• [What you need to do]
Only the lines from the one containing "160 г - Фото 2" to the end of the records belong in the copy. Reproduce them word for word and drop the pictures.
(Provided information)
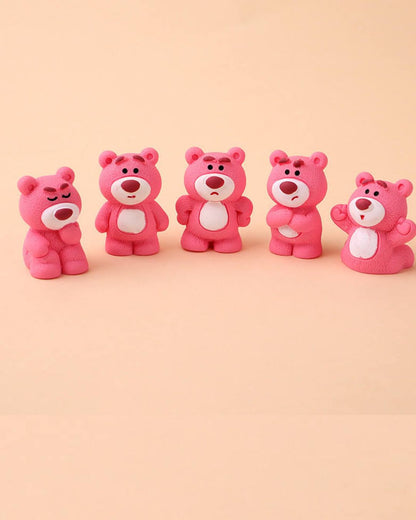 Cheerful Pink Bear Miniature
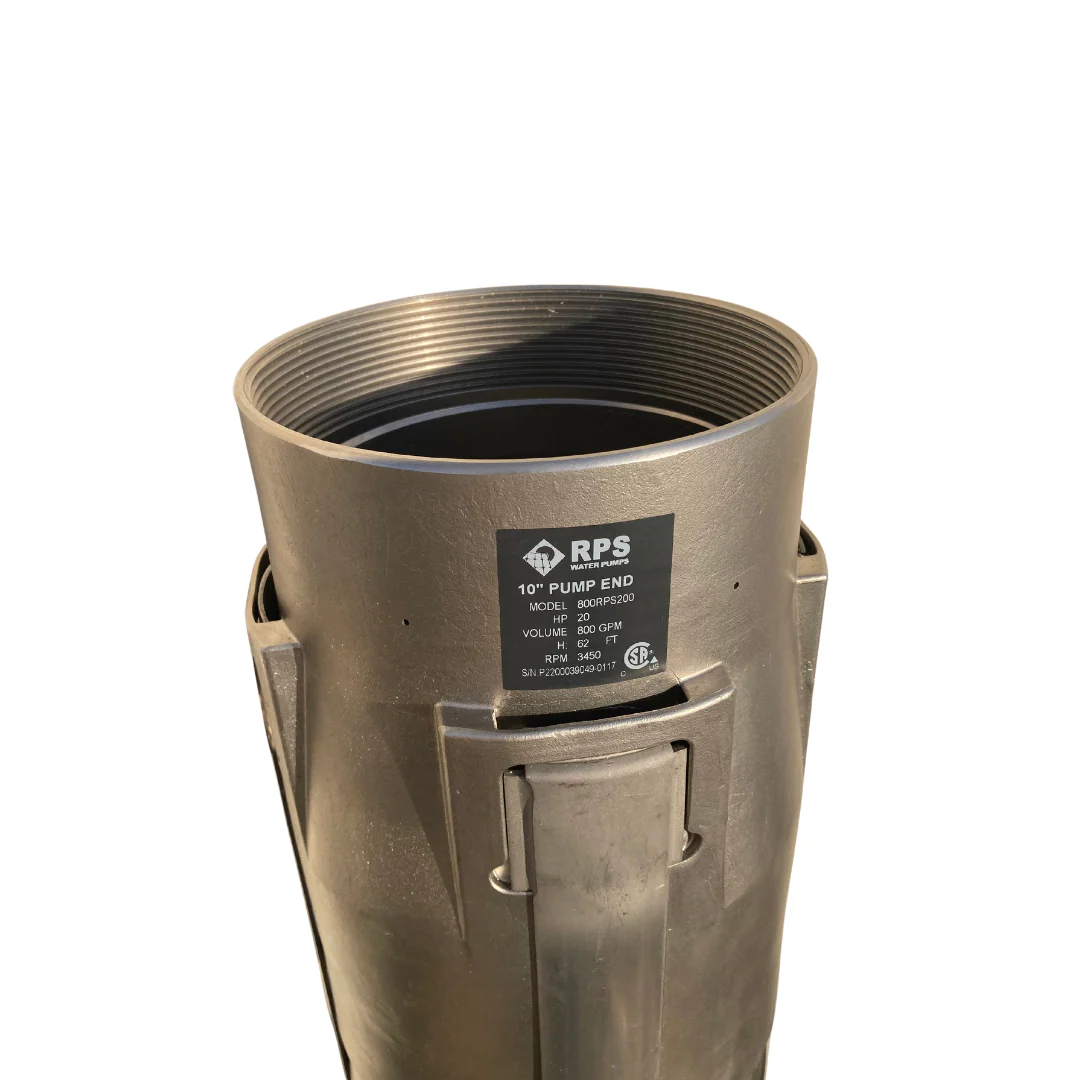 RPS 20HP 480V 800RPS200, Up to 90FT Head, 400 to 1,030GPM, Stainless Steel Submersible Pump End + Motor - Image 5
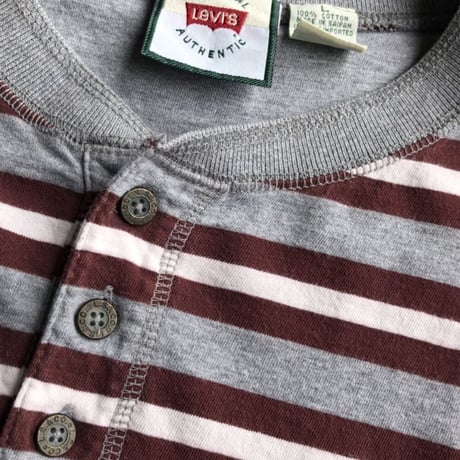 Levi's ボーダーロンT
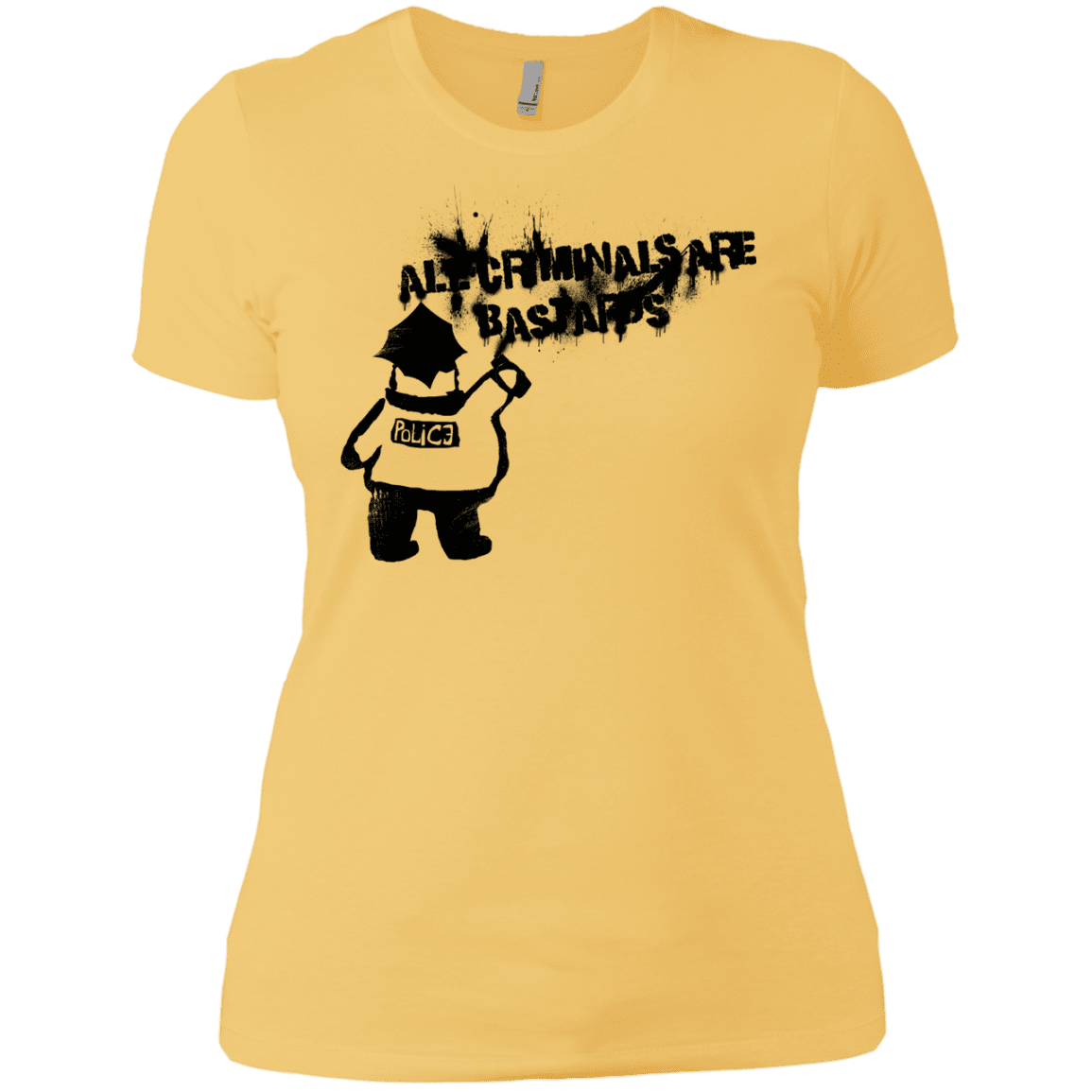 T-Shirts Banana Cream/ / X-Small Banksy Police Women's Premium T-Shirt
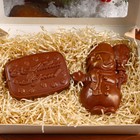 Шоколадные фигурки "Снеговик и С Новым Годом", 160 г - Фото 2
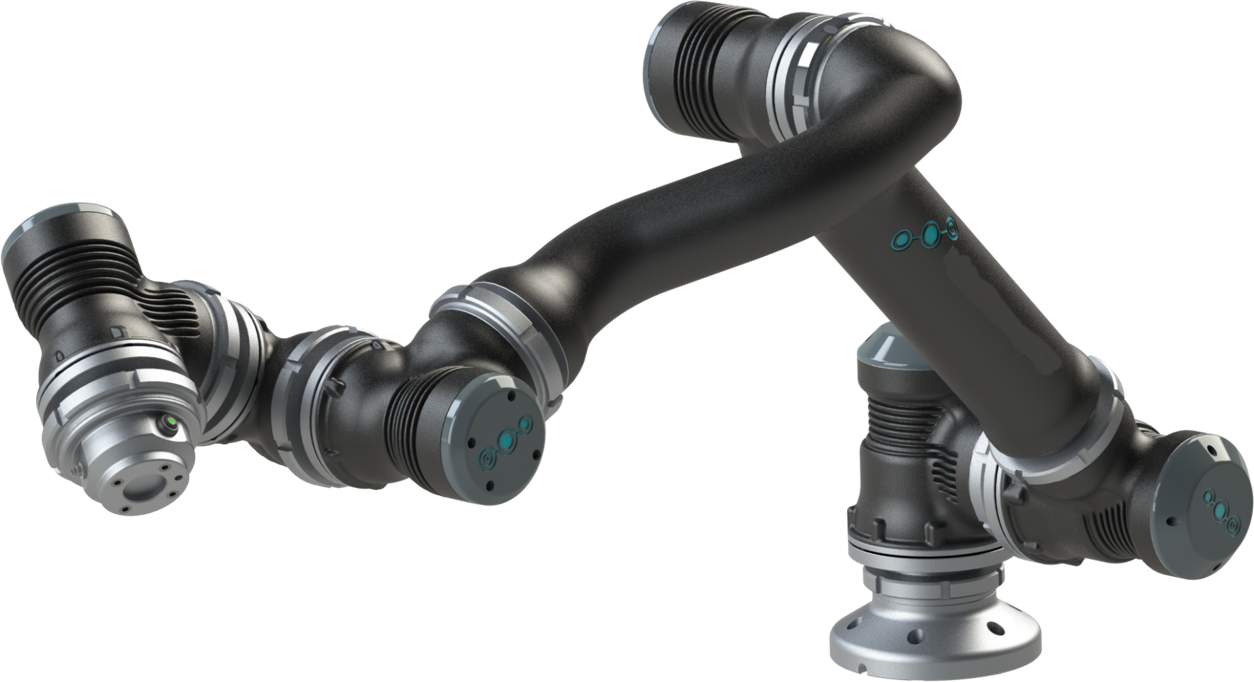 Bras robotique industriel 9 axes équipé d'actionneurs personnalisés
(End Provided information)
• [Answer below]
 Шоколадные фигурки "Снеговик и С Новым Годом", 160 г - Фото 2
 Bras robotique industriel 9 axes équipé d'actionneurs personnalisés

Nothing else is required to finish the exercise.